Mapping Reads to the Reference Genome¶
Now that we have high-quality reads, we will start mapping reads to our reference genome. That is, using a “reference” Mycobacterium tuberculosis genome, we will determine the likely genomic positions from which the short reads have most likely been sampled.
Note
The canonical reference genome sequence for M. tuberculosis is that of strain H37Rv, the first M. tuberculosis genome to have been sequenced. As such, H37Rv has a high quality genomic sequence and a wealth of information accumulated since then. It is important to realize that the reason H37Rv genome is being used as a reference is rather practically grounded.
Note
Read mapping, read aligment, and sequence alignment are often used interchangeably but in fact they are different concepts. The purpose of sequence alignment is to identify the homologous positions between evolutionarily related sequences. With read mapping, our objective is to identify the genomic region(s) from which the read sequence might be coming from. A mapping is considered to be correct if it overlaps the true region. Once we identify these regions, then we want align the read, in other words find the detailed placement of each base in the read.
For mapping reads to the reference genome, we will use BWA suit of programs. In this workshop, we will only going to be using two programs within the suite: bwa index and bwa mem.
BWA (Burrows Wheeler Aligner) uses Burrows Wheeler transform to rapidly map reads to the reference genome. Importantly, BWA allows for a certain number of mismatches as well as for insertions and deletions.
Before starting mapping, first we first need to index the reference genome. Indexing means arranging the genome into easily searchable chunks. Index the reference genome sequence using bwa index:
bwa index $MYDATA/ref/NC_000962.3.fna
bwa index will output some files with a set of extensions (.amb, .ann, .bwt, .pac, .sa), which the main alignment program (bwa mem) knows the format of. The will all end up in the same directory as the reference fasta file. Indexing is done once for the reference sequence. Before starting mapping, you need to make sure that these files have been generated. You don’t need to know the information in each but here is the information each one stores:
- .amb: text, records appearance of N (or other non-ATGC) in the reference fasta
- .ann: text, to record ref sequences, name, length, etc.

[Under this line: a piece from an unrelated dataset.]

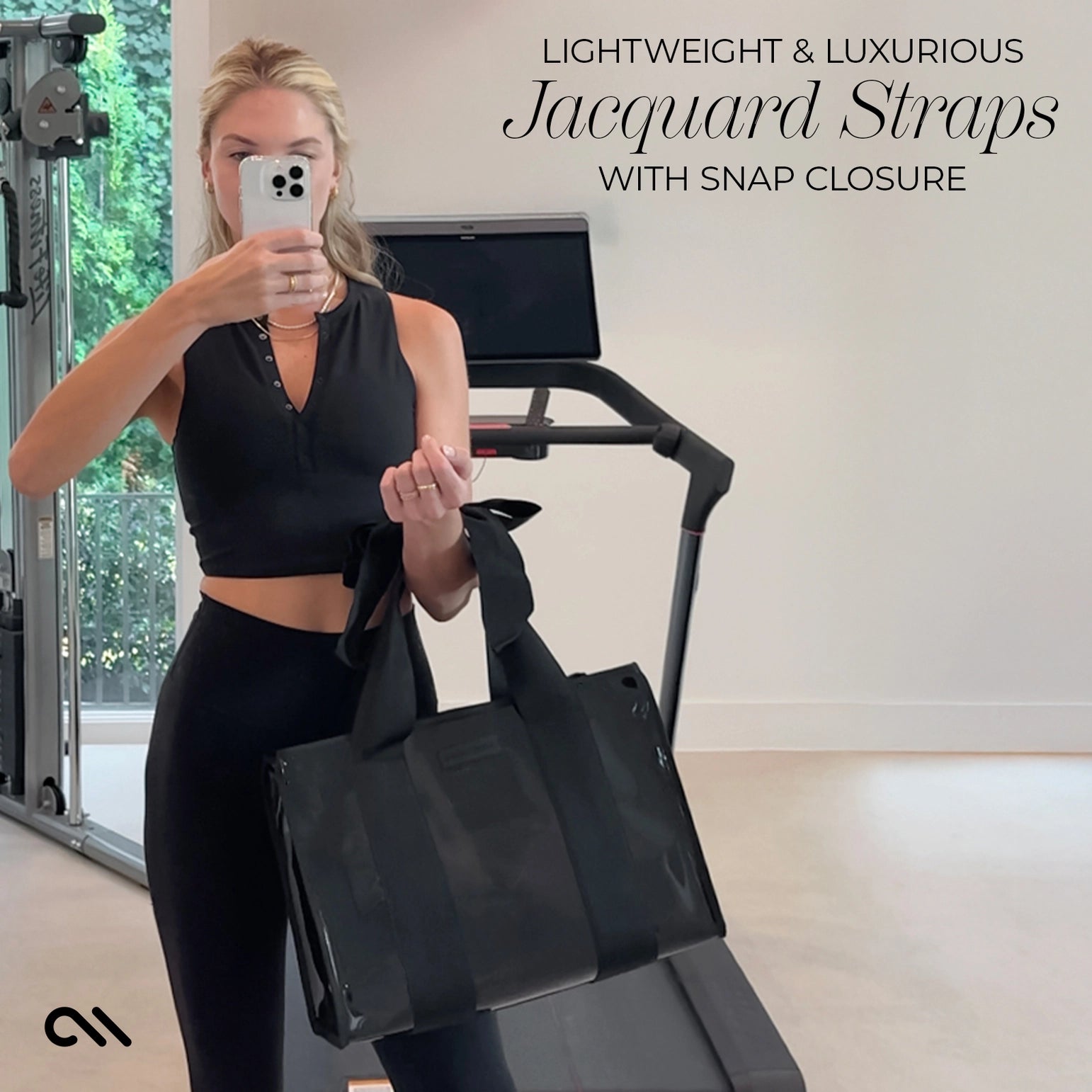 Woman holding a black tote bag in a gym setting with text about Jacquard straps and snap closure.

- .bwt: binary, the Burrows-Wheeler transformed sequence
- .pac: binary, packaged sequence (four base pairs encode one byte)
- .sa: binary, suffix array index
Now, we will start mapping reads. Explore the mapping and alignment options that bwa mem has by typing:
bwa mem
Read mapping has many uses in bioinformatics pipelines. Depending on your goals, you might want to change the parameters of the mapper, which primarily determine the sensitivity and specificity of mapping. In this workshop, we will use the default options, which work well for short reads.

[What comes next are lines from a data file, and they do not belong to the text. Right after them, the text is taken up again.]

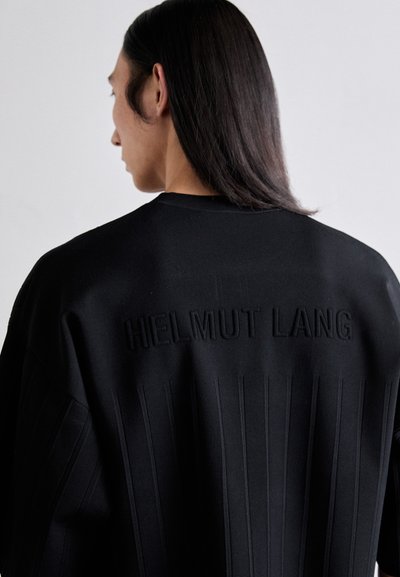 Czarna bluza z poziomymi fałdami i wytłoczonym napisem "HELMUT LANG" z tyłu. Materiał wydaje się gładki i strukturalny.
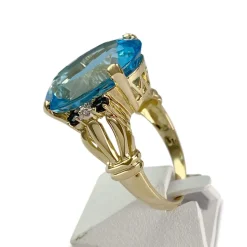 Bague d'occasion or 750 2 tons topaze traitée Swiss blue saphirs diamants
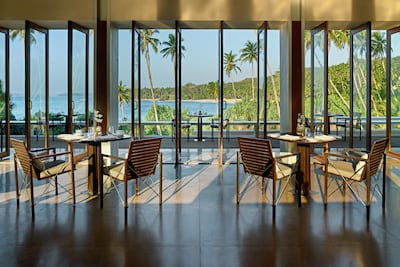 The restaurant overlooks the pool and beach. Photo: Amanwella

bwa mem $MYDATA/ref/NC_000962.3.fna $MYRESULTS/qc/${sample}_qced_R1.fastq $MYRESULTS/qc/${sample}_qced_R2.fastq > $MYRESULTS/mapping/${sample}.mapped.sam
which aligns forward and reverse reads against the reference, outputs them to the stdout in .sam format, which we then save to a file.
Mappers result in either SAM or BAM file (http://genome.sph.umich.edu/wiki/SAM). Those are formats that contain the
alignment information, where BAM is the binary version of the plain text SAM format. Althouth we are outputting a .sam file here for illustrative purposes-so we can peek into it-, you will typically want to do generate .bam files for your mapping because .sam files can get quite big and there is really no need to save them.
Inspect the first few lines of the .sam output file with head or more. It should look as follows:
# @SQ SN:NC_000962.3 LN:4411532
# @PG ID:bwa PN:bwa VN:0.7.17-r1188 CL:bwa mem ERS050945/data/ref/NC_000962.3.fna ERS050945/results1/qc/
Question: What does each line with sequences represent? Can you make sense of the information in different columns?